------ RECORDED DATA ------
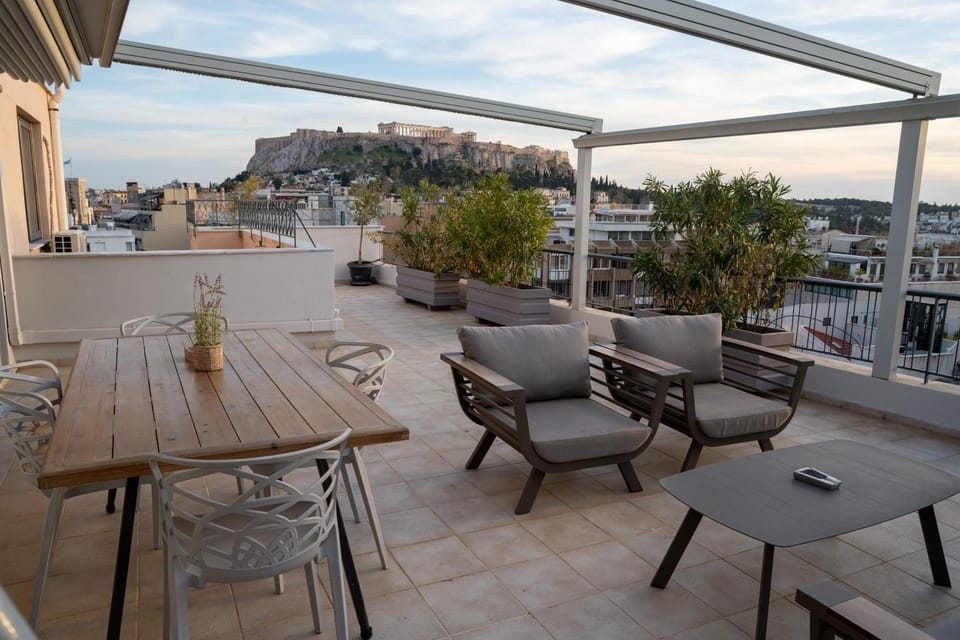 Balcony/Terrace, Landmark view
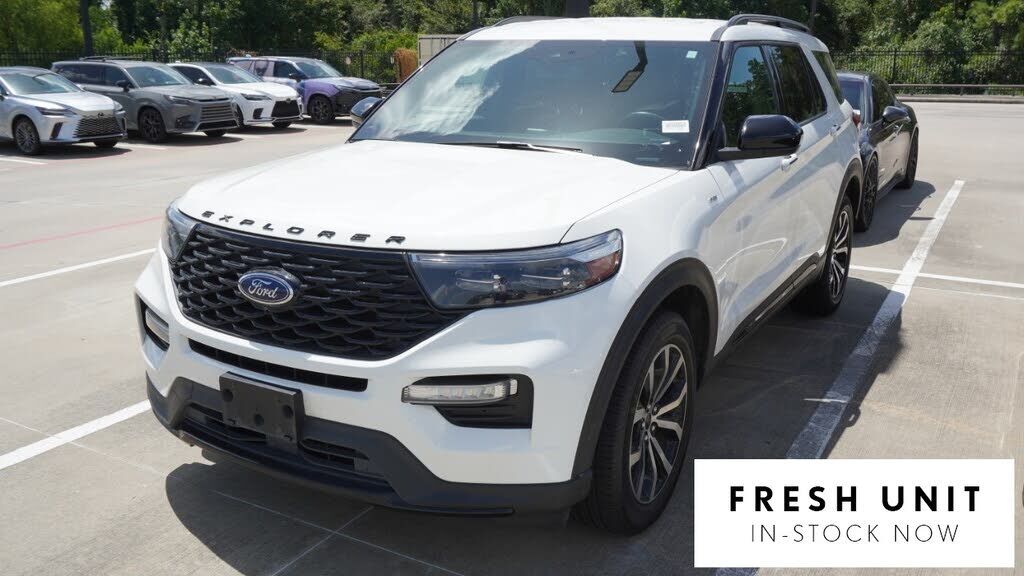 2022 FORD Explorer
------
------ RECORDED DATA ------
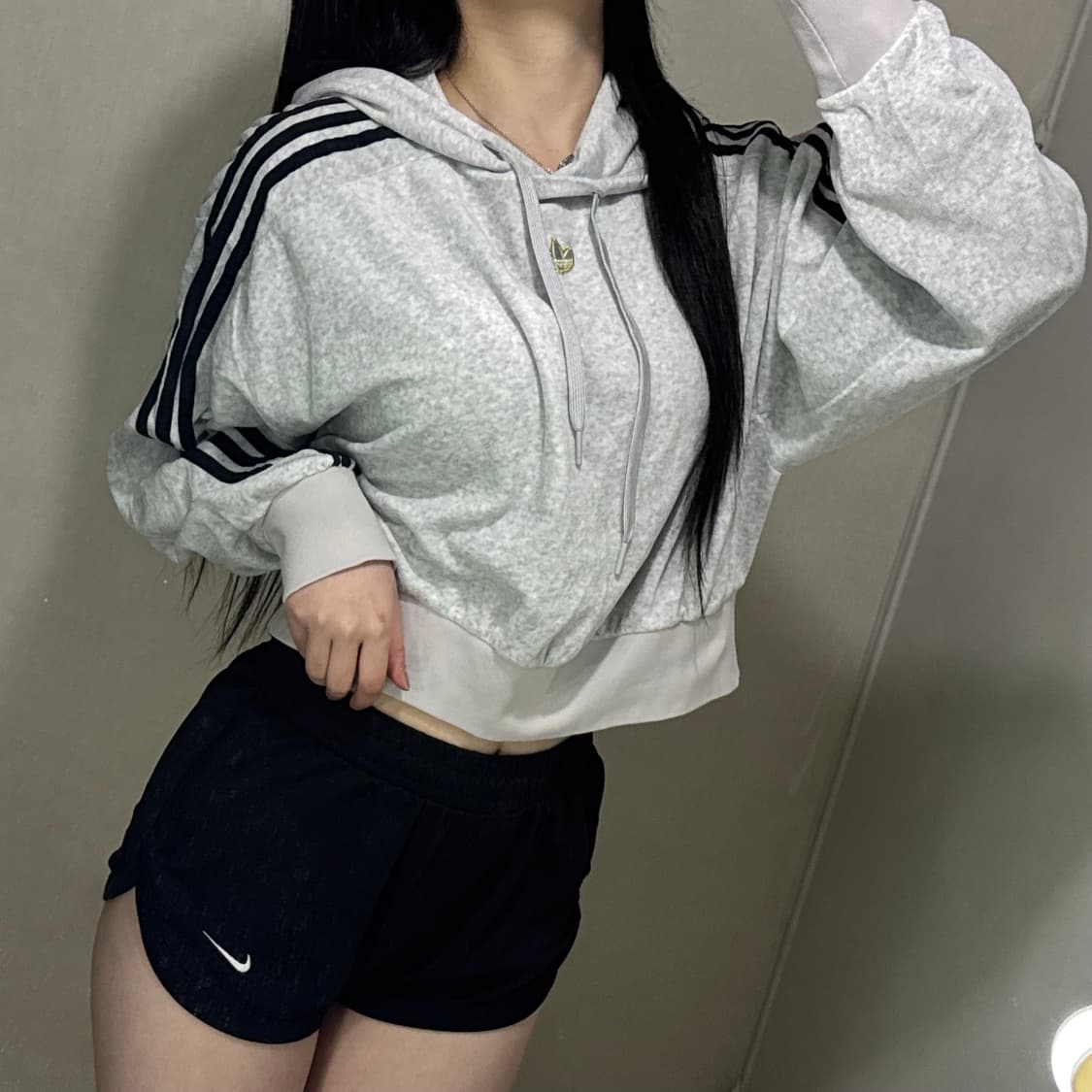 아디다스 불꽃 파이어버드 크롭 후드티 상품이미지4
------
------ RECORDED DATA ------
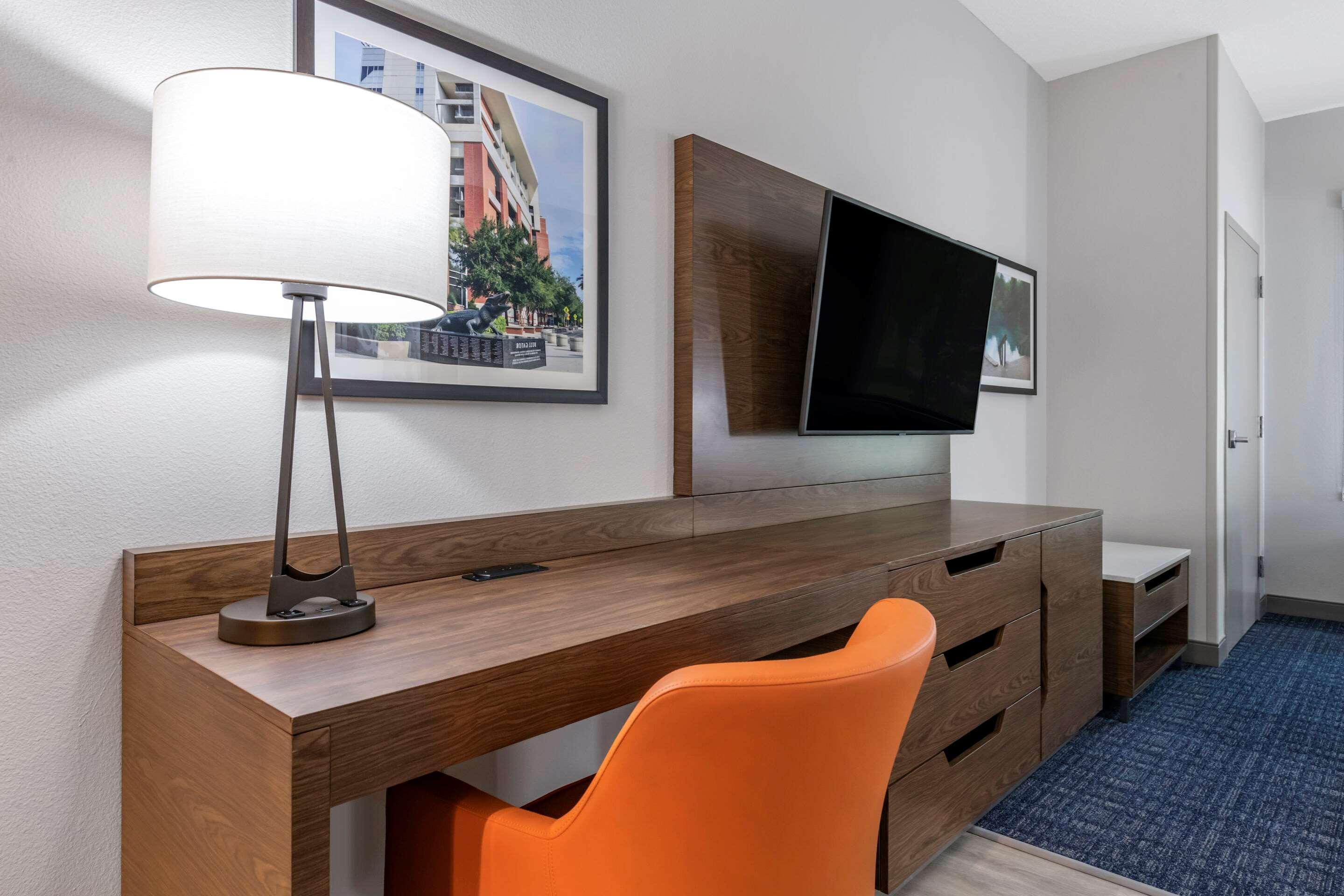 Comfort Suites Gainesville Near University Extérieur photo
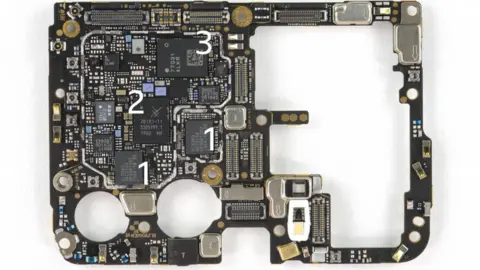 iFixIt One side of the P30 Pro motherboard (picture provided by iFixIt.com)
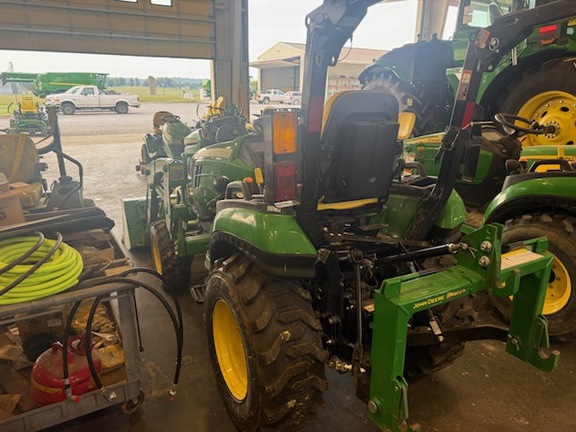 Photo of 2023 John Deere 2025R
------
- EXERCISE INSTRUCTIONS
Give again the lines of the listing above that run from the one with "Balcony/Terrace, Landmark view" up to and including the one with "2022 FORD Explorer". Keep them exact and omit the pictures.

- SOLUTION TO THE PROBLEM
 Balcony/Terrace, Landmark view
 2022 FORD Explorer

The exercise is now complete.